Proteinkomplex sorgt für Ordnung in der Zelle
Forscher nehmen an, dass Fehltransporte der Proteine im Körper mit Erkrankungen wie Alzheimer in Verbindung gebracht werden können. Die Molekularbiologen Prof. Dr. Elke Deuerling und Dr. Martin Gamerdinger von der Universität Konstanz haben nun herausgefunden, wie solche Proteintransporte in Zellen störungsfrei ablaufen können.
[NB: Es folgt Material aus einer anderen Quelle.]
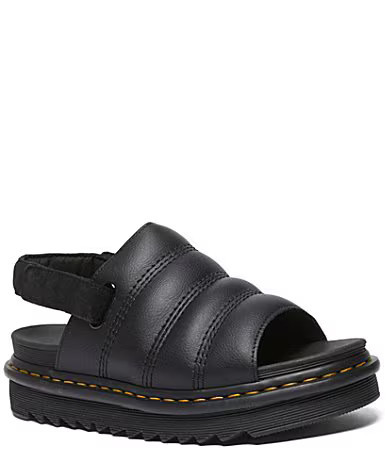 Dr. Martens Women's Kole Athena Leather Platform Sandals - 11 | Dillard's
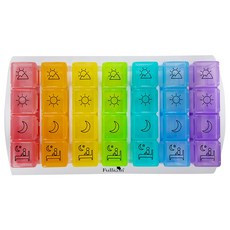 Fullicon 護立康 桌上型7日彩虹保健盒, 1組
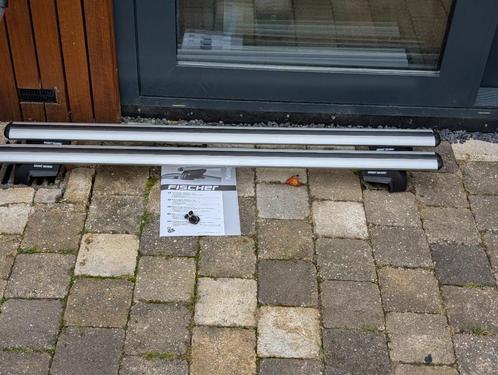 FISCHER 18096 Aluminium dakdragers Topline 1,20 m, Auto diversen, Dakdragers, Gebruikt, Ophalen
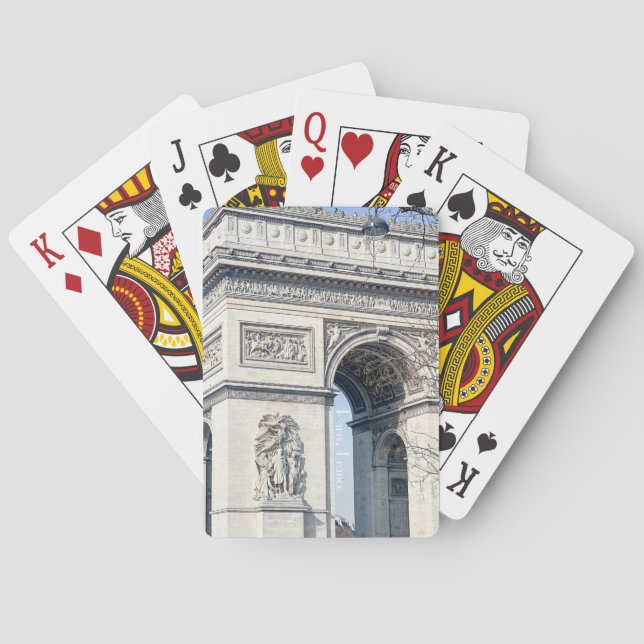 Arc de Triomphe Card (Back)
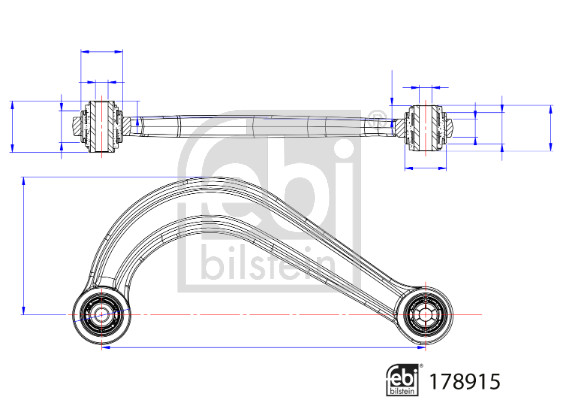 Febi Bilstein Draagarm 178915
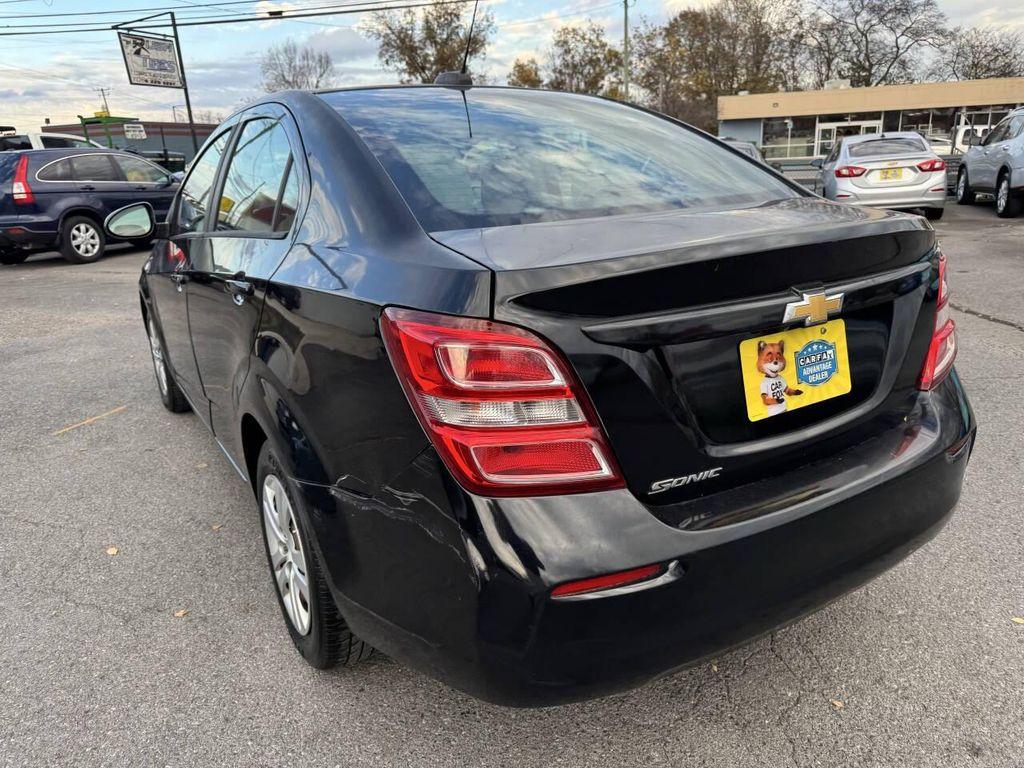 used 2017 Chevrolet Sonic car, priced at $3,500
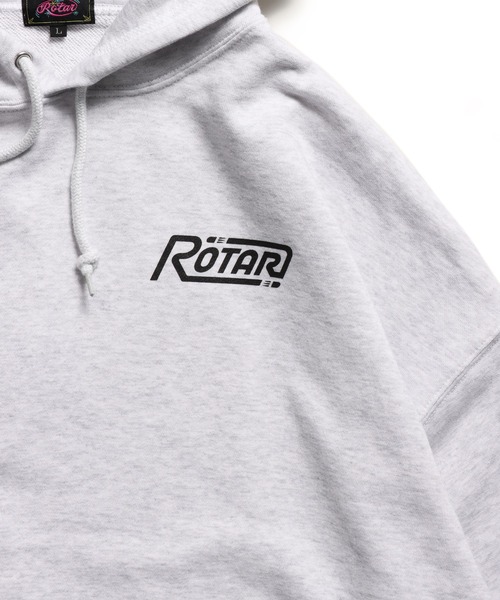 ROTAR(ローター)の「Bullet LOGO Big PO PARKA(パーカー・メンズ・ブラック/アッシュグレー/グリーン系その他・MEDIUM/LARGE/X-LARGE)」の16枚目の写真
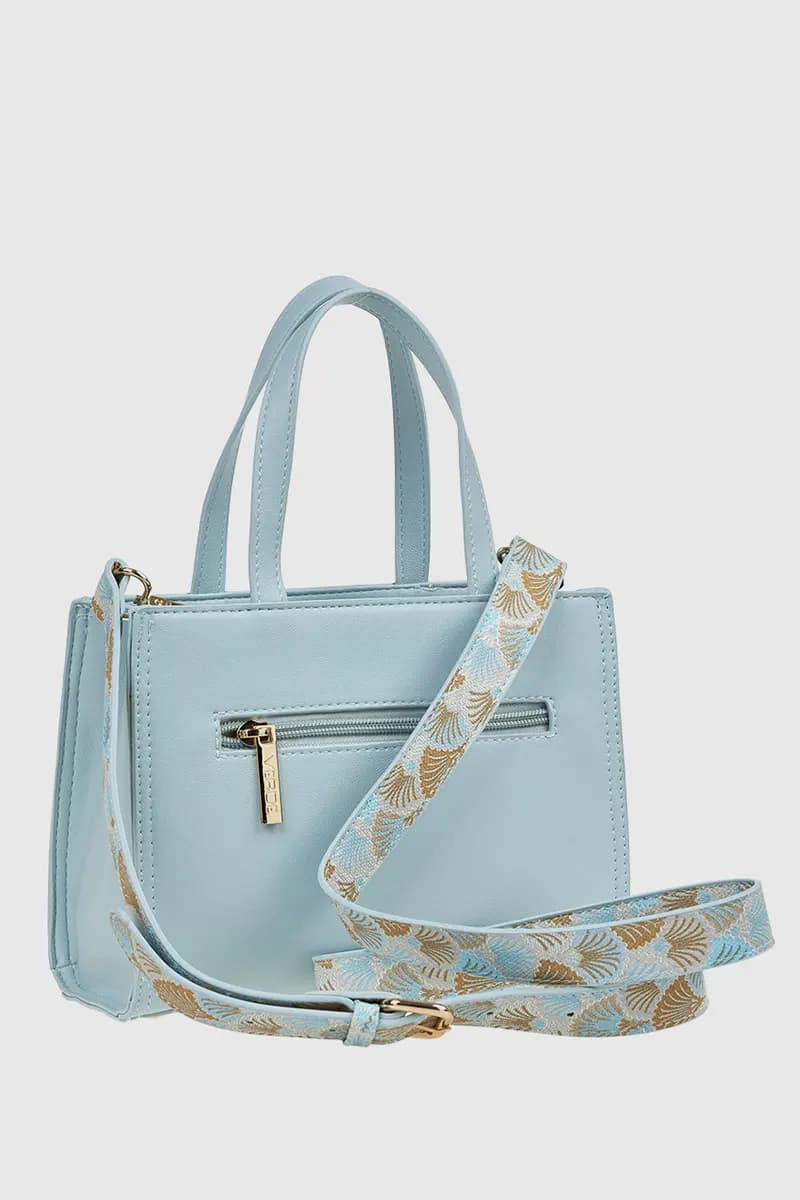 VERDE FASHION | Borsa a spalla con tracolla - 2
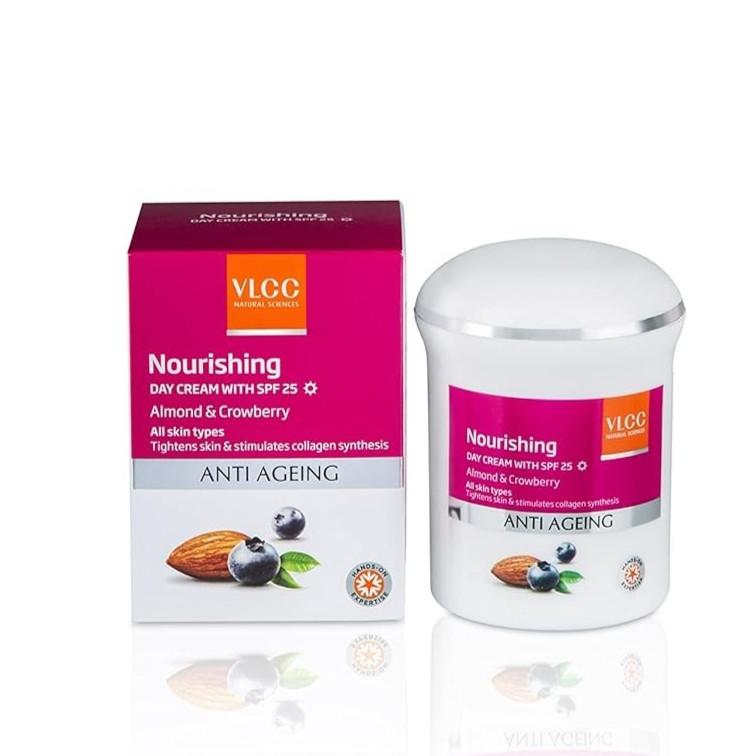 @ VLCC Anti Aging Day Cream SPF 25 50g UKZQ90 50%off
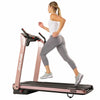 ASUNA 7750P SpaceFlex Motorized Treadmill Pink - Treadmills and Fitness World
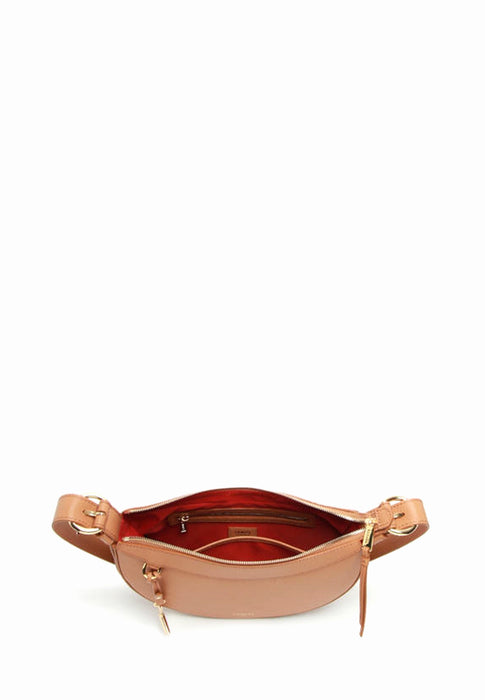 Sac bandouliere Lancel Faubourg A13525 20 CAMEL
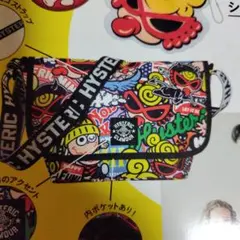 新品未使用 HYSTERIC GLAMOUR ショルダーバッグ 総柄のサムネイル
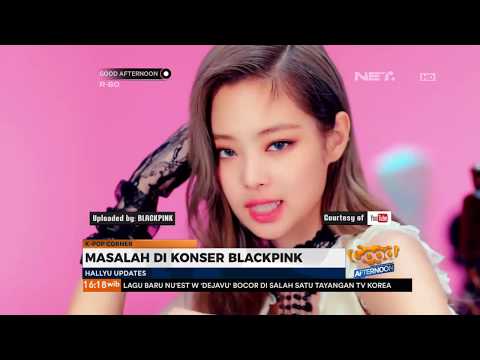 Konser Blackpink Terhenti Karena Ada Suatu Masalah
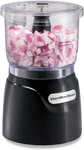 Hamilton Beach 3-CUP Electric Vegetable Chopper & Mini Food Processor, Black. Fixed Price $28.95.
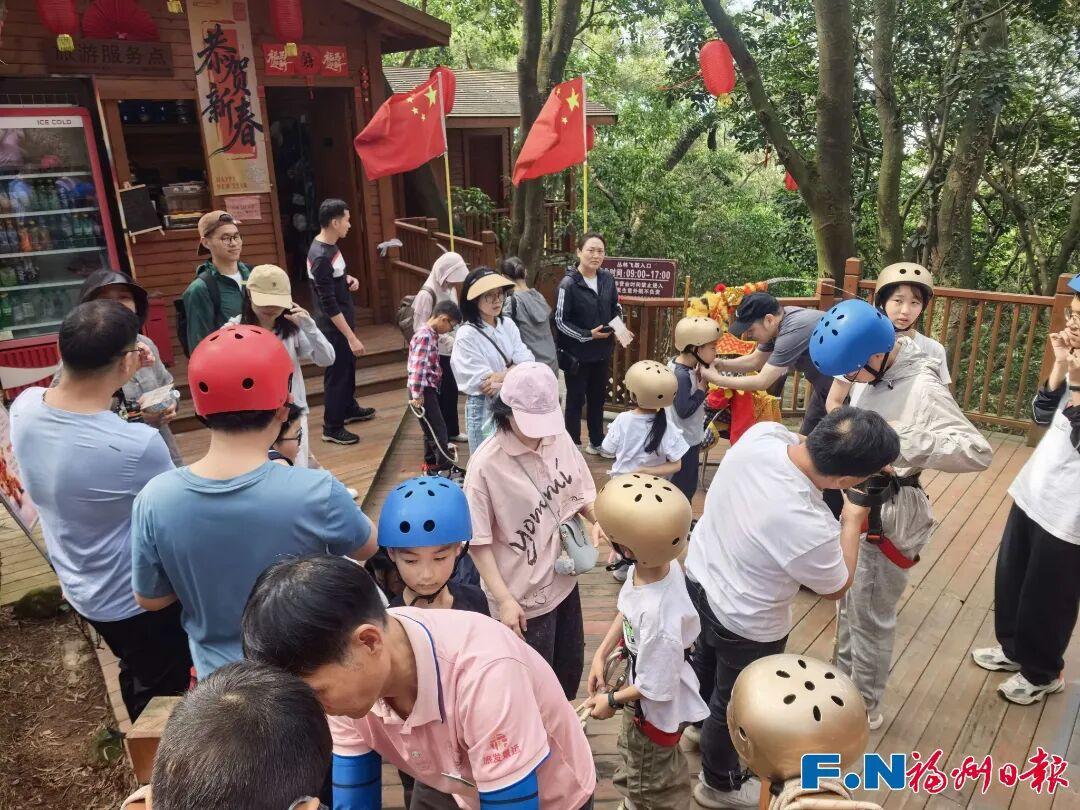 开门红!“五一”假期首日,福州文旅火力全开! 开门红!“五一”假期首日,福州文旅火力全开!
Proteine sind die Bausteine des Lebens. Ihre Herstellung und ihr Transport in den Zellen funktioniert nach komplexen Mustern. Sollen die Eiweißstoffe störungsfrei in den für sie vorgesehenen Zellorganellen ankommen, sind Signale in den Proteinen und spezifische Transportfaktoren erforderlich, die ihre Erkennung und Sortierung zum Beispiel in das Endoplasmatische Retikulum (ER) oder in die Mitochondrien übernehmen. Das Team um Elke Deuerling, Lehrstuhlinhaberin für Molekulare Mikrobiologie der Universität Konstanz, fand nun heraus, dass neben dem "Signal Recognition Particle" (SRP), das den Proteintransport ins ER stimuliert, auch der Nascent Polypeptide-associated Complex (NAC) zwingend erforderlich ist, um den reibungslosen Ablauf des Proteintransports zu gewährleisten und Fehltransporte zu vermeiden. Was seine Aufgabe in der Zelle ist, war bisher weitgehend unklar. „Für NAC wurden viele verschiedene Funktionen postuliert, darunter auch eine Rolle beim kotranslationalen Transport von Proteinen ins ER. Die Daten über NAC waren bislang allerdings sehr widersprüchlich", beschreibt Deuerling die Situation. Gemeinsam mit Martin Gamerdinger hat sie deshalb erforscht, wie NAC wirkt und welche Bedeutung dem Komplex zukommt.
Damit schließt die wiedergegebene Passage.